マグネシウム(Mg)や亜鉛(Zn)のときのように、水素が発生するでしょうか?
実験の様子をご覧ください。
なぜか、
銅を入れた場合は水素(H2)は発生しない
のです。
どうして銅(Cu)では水素が発生しないのでしょうか?
このことを理解するためには、次の内容を知らなければなりません。
金属が酸性の水溶液に溶けるとき、水素が発生する
どうして、金属が酸性の水溶液に溶けるときに水素が発生するのか?
次の章で説明します。
それでは、
金属が電解質に溶けるとはどういうことか
について考えていきましょう。
教科書には次のように書かれています。
一般に、金属が電解質の水溶液中でとけるという現象は、電解質の水溶液中で金属の原子がイオンに変化していると考えると説明できる。(教育出版)

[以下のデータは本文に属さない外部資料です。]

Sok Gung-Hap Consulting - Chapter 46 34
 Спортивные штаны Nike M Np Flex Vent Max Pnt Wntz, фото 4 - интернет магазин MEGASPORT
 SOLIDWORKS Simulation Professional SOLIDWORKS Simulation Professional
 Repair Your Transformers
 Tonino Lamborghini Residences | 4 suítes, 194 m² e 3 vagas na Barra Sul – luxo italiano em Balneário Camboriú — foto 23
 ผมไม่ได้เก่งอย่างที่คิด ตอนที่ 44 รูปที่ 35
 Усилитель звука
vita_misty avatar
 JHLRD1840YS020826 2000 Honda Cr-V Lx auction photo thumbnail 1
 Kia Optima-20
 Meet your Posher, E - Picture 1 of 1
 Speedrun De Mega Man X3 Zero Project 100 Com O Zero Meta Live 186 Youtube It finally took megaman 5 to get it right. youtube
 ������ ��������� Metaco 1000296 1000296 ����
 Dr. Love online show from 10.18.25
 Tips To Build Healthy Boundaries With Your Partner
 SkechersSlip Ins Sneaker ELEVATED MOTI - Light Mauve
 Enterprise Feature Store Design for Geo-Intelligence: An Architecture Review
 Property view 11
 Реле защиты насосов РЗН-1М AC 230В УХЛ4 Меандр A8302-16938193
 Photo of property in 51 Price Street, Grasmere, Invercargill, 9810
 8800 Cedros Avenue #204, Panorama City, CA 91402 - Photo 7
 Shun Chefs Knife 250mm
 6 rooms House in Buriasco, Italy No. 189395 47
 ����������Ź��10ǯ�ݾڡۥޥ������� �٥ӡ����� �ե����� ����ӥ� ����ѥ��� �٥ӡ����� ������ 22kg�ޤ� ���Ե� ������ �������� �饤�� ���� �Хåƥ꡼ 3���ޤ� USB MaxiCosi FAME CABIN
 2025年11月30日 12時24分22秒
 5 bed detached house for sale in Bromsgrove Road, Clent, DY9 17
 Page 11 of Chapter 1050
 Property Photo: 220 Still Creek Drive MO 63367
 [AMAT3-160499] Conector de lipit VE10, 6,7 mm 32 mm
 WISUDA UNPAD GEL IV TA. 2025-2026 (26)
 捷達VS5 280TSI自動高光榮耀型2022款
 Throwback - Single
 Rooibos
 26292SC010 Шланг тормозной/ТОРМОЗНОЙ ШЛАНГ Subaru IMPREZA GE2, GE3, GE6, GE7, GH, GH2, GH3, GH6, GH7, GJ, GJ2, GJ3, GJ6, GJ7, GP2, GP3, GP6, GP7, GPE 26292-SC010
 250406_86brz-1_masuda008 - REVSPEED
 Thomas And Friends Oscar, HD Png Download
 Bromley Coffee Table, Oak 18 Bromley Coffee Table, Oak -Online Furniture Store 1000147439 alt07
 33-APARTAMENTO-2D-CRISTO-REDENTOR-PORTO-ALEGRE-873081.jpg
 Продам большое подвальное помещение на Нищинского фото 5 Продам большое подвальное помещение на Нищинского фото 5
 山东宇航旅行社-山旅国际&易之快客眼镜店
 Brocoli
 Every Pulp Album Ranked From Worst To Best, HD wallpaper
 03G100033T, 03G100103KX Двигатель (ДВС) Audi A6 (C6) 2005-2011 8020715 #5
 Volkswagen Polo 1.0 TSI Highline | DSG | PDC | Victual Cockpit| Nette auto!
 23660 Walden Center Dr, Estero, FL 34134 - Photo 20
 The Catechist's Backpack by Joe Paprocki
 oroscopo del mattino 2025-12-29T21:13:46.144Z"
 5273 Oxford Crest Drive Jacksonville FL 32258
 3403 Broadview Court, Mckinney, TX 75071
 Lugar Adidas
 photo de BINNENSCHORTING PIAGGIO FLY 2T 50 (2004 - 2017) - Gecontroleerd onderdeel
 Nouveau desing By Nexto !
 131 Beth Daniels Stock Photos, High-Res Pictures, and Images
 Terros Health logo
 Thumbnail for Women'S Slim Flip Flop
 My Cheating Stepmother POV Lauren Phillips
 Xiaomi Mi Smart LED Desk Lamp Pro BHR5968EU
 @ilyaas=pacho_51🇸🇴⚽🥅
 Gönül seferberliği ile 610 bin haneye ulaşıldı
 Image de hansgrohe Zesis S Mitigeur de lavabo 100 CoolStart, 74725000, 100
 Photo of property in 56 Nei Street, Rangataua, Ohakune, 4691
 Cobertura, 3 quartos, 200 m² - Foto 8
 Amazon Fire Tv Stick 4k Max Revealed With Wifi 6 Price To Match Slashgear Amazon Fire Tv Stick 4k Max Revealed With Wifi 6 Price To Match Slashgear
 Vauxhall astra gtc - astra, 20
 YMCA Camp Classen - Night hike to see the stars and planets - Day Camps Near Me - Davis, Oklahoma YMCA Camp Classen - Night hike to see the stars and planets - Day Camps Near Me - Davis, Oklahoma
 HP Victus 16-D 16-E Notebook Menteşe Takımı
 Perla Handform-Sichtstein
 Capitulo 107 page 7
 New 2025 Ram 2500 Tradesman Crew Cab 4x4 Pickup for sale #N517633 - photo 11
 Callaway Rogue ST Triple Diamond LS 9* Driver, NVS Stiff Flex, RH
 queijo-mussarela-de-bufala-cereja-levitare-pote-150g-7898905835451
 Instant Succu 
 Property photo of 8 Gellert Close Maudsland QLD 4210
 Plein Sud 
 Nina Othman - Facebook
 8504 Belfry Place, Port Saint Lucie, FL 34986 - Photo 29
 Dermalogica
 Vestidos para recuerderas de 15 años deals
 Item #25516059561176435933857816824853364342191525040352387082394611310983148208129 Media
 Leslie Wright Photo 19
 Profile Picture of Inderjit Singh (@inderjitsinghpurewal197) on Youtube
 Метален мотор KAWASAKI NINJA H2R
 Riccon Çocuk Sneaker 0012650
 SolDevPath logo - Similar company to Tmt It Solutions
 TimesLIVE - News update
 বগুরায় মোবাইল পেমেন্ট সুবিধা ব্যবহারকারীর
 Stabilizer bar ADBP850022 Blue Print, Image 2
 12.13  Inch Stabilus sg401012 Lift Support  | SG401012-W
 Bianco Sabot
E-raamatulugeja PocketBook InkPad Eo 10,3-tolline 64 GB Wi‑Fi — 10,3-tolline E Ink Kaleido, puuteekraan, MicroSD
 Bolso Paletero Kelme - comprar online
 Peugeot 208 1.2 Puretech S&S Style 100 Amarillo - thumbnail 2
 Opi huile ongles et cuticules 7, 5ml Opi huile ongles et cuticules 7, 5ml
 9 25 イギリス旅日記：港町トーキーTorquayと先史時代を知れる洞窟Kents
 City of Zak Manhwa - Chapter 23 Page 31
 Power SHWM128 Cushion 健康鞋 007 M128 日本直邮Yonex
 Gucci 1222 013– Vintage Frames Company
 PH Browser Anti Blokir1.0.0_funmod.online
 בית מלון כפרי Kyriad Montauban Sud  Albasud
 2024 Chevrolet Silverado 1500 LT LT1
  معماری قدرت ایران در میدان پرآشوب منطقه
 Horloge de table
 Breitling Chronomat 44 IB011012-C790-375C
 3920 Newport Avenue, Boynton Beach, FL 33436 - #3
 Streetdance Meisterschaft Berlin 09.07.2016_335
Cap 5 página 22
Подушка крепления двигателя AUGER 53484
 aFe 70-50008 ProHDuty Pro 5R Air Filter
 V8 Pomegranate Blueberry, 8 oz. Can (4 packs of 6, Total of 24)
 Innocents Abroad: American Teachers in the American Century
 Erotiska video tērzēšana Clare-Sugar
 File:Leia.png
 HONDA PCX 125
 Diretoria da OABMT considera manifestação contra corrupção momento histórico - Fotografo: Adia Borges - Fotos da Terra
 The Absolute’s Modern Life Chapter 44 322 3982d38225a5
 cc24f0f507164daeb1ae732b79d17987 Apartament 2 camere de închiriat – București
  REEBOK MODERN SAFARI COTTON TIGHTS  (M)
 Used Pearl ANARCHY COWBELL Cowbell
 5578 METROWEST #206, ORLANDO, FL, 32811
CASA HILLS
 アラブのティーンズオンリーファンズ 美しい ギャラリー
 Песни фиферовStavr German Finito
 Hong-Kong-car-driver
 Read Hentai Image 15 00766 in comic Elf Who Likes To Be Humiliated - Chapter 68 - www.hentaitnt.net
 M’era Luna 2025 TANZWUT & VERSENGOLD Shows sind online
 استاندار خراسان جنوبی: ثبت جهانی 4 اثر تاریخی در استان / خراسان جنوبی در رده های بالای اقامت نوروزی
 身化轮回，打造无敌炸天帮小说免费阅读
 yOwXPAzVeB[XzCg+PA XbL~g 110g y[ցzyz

この説明は、まさにその通りです。特に、太字の部分を理解しておきましょう。
つまり、
金属が(電解質に)溶けるとはイオンになること
先ほどの実験を振り返ってみましょう。
まず、塩酸にマグネシウム(Mg)を入れるとマグネシウム(Mg)が溶けて水素(H2)が発生する現象は
マグネシウム(Mg)がマグネシウムイオン(Mg2+)に変化している
のです。
*このブログでは、上付きの数字や英語の書き方がわからなかったので青字で書くことにします。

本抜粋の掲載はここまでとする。